** Opening DATASET RECORDS block **

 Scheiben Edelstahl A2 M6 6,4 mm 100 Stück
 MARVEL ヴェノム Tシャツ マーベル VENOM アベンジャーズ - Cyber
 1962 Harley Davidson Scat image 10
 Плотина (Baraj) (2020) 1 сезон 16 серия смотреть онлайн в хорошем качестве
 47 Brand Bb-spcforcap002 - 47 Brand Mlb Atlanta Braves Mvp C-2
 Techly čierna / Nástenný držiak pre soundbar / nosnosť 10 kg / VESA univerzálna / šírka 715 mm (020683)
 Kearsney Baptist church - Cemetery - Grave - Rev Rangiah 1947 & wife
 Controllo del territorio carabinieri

** Closing DATASET RECORDS block **
** Opening DATASET RECORDS block **

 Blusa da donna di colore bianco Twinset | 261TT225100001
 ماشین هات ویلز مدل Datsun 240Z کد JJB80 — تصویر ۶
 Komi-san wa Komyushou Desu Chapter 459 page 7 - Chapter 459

** Closing DATASET RECORDS block **

### THE PROBLEM
The listing above holds a line with "Techly čierna /" and a line with "Controllo del territorio carabinieri". Print the stretch from the first through the second, exactly and alone.

### ANSWER SECTION
 Techly čierna / Nástenný držiak pre soundbar / nosnosť 10 kg / VESA univerzálna / šírka 715 mm (020683)
 Kearsney Baptist church - Cemetery - Grave - Rev Rangiah 1947 & wife
 Controllo del territorio carabinieri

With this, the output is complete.